(Task material Opens)
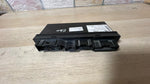 Load image into Gallery viewer, 2006-2010 BMW M5 Body Control Module 6936881 E60 E61 E63 E64 models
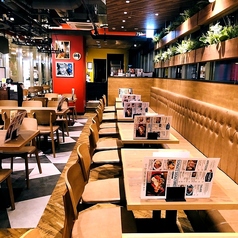 シュマッツ ビア ダイニング CIAL横浜ANNEXのコース写真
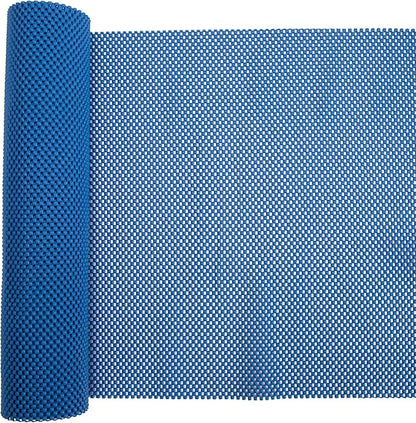 Shelf Liners for Cabinets-Drawer Liner Cabinet Liners for Shelves Kitchen by vortiara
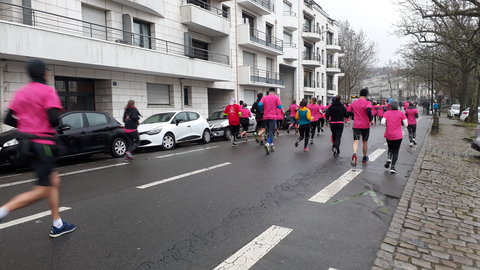 Odysséa 2018, 20180318_092417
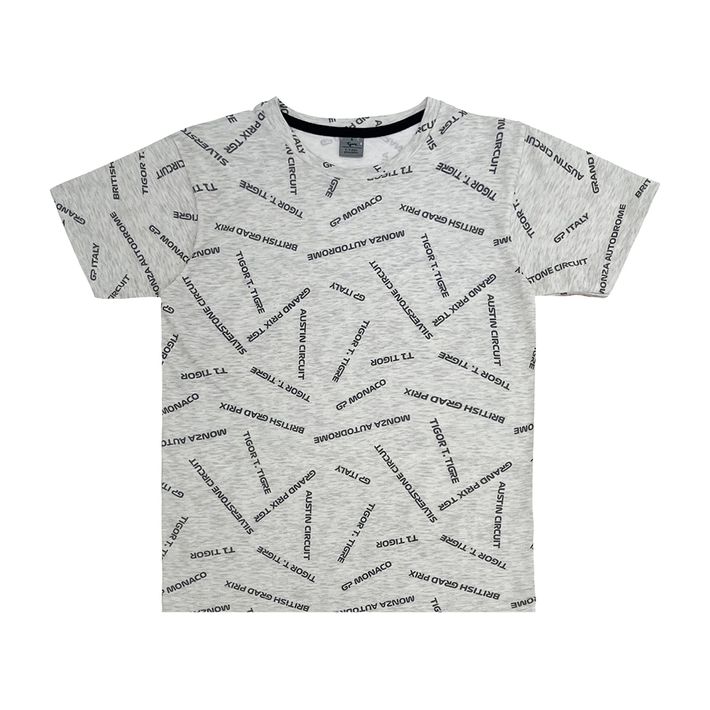 Camiseta-Infantil-Masculina-Tigor-T.-Tigre---4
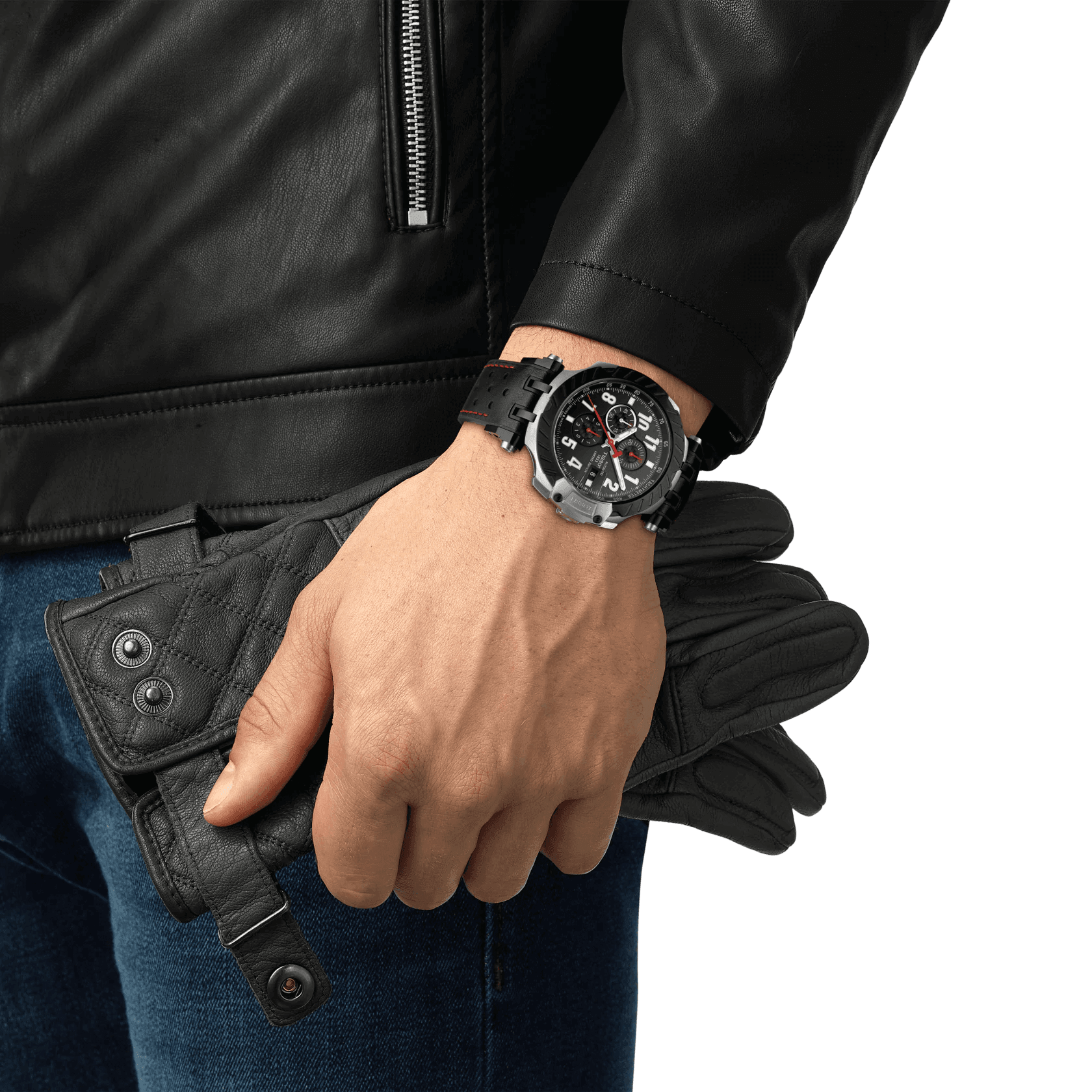 dong-ho-tissot-t-race-motogp-2020-automatic-chronograph-T115-427-27-057-00(1)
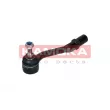 KAMOKA 9010305 - Rotule de barre de connexion avant gauche 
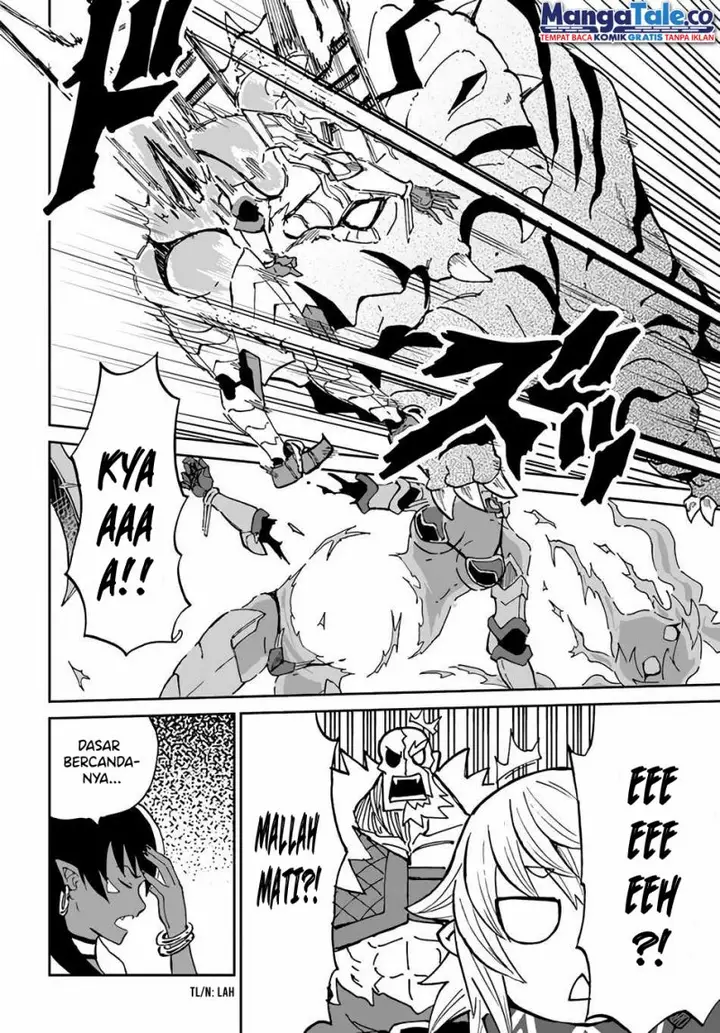 image-komik-yondome-wa-iyana-shi-zokusei-majutsushi-chapter-34-18/32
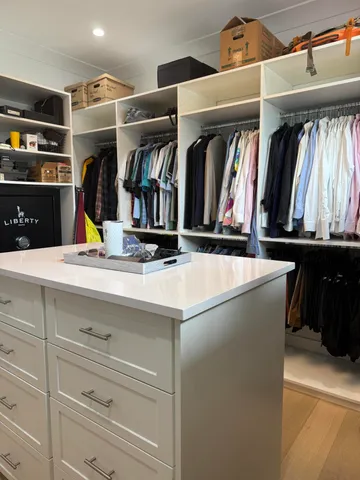 $12,600,000 | 9 Bamboo Lane, Jupiter, FL 33458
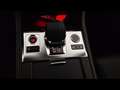 Jaguar F-Pace 2.0 I4 250cv R-Dynamic Black AWD Auto Grigio - thumbnail 10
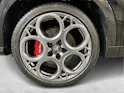 Alfa Romeo Tonale 1.3 Plug-in Hybrid Veloce Q4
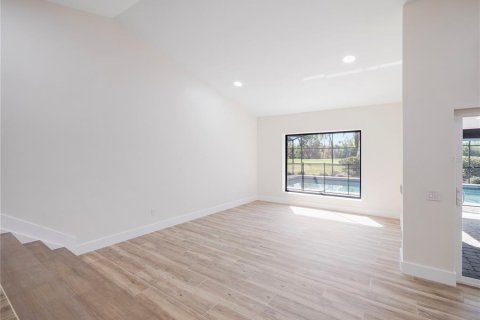 Casa en venta en Orlando, Florida, 4 dormitorios, 232.53 m2 № 1612922 - foto 17
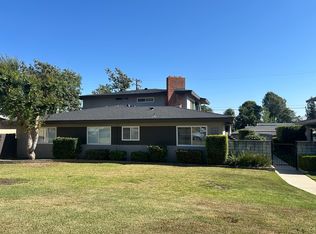 2542 Price Dr, La Verne, CA 91750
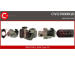 Snimac uhlu rejdu CASCO CSS77300GS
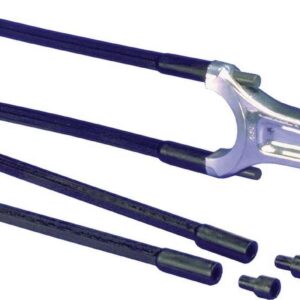 ALLSTAR PERFORMANCE Rod Guide Tool ALL96480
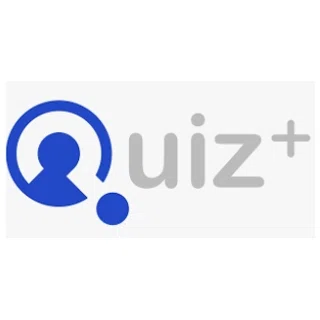 QuizPlus coupon codes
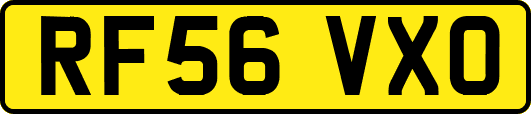RF56VXO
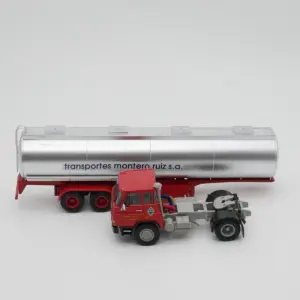 S5038c01868e54acc8adfec0ecaa94db9v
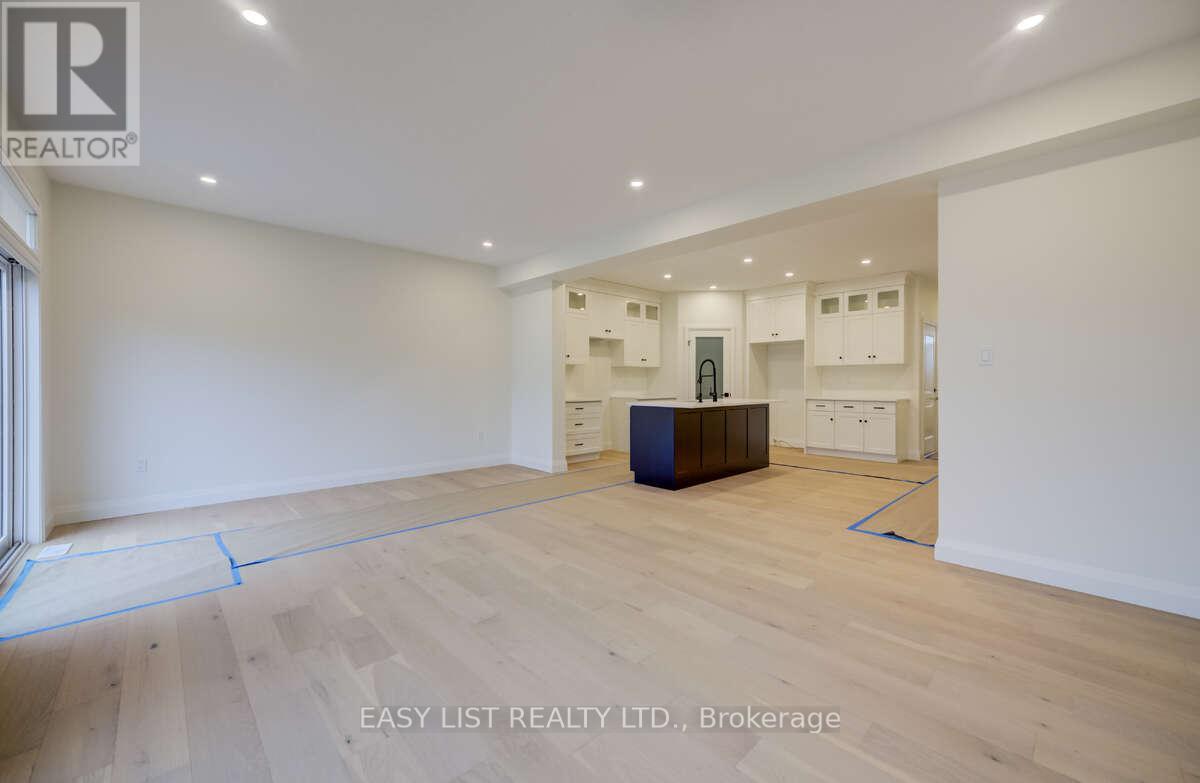 47 - 55 Teal Drive, Guelph, Ontario  N1C 1G4 - Photo 24 - X12958004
(Task material Closes)
- **Required work**
Every line above should be returned exactly; the pictures stay out.

- **Problem solution**
 Load image into Gallery viewer, 2006-2010 BMW M5 Body Control Module 6936881 E60 E61 E63 E64 models
 シュマッツ ビア ダイニング CIAL横浜ANNEXのコース写真
 Shelf Liners for Cabinets-Drawer Liner Cabinet Liners for Shelves Kitchen by vortiara
 Odysséa 2018, 20180318_092417
 Camiseta-Infantil-Masculina-Tigor-T.-Tigre---4
 dong-ho-tissot-t-race-motogp-2020-automatic-chronograph-T115-427-27-057-00(1)
 KAMOKA 9010305 - Rotule de barre de connexion avant gauche 
 image-komik-yondome-wa-iyana-shi-zokusei-majutsushi-chapter-34-18/32
 $12,600,000 | 9 Bamboo Lane, Jupiter, FL 33458
 Jaguar F-Pace 2.0 I4 250cv R-Dynamic Black AWD Auto Grigio - thumbnail 10
 Alfa Romeo Tonale 1.3 Plug-in Hybrid Veloce Q4
 Casa en venta en Orlando, Florida, 4 dormitorios, 232.53 m2 № 1612922 - foto 17
 2542 Price Dr, La Verne, CA 91750
 Snimac uhlu rejdu CASCO CSS77300GS
 ALLSTAR PERFORMANCE Rod Guide Tool ALL96480
 QuizPlus coupon codes
RF56VXO
 S5038c01868e54acc8adfec0ecaa94db9v
 47 - 55 Teal Drive, Guelph, Ontario  N1C 1G4 - Photo 24 - X12958004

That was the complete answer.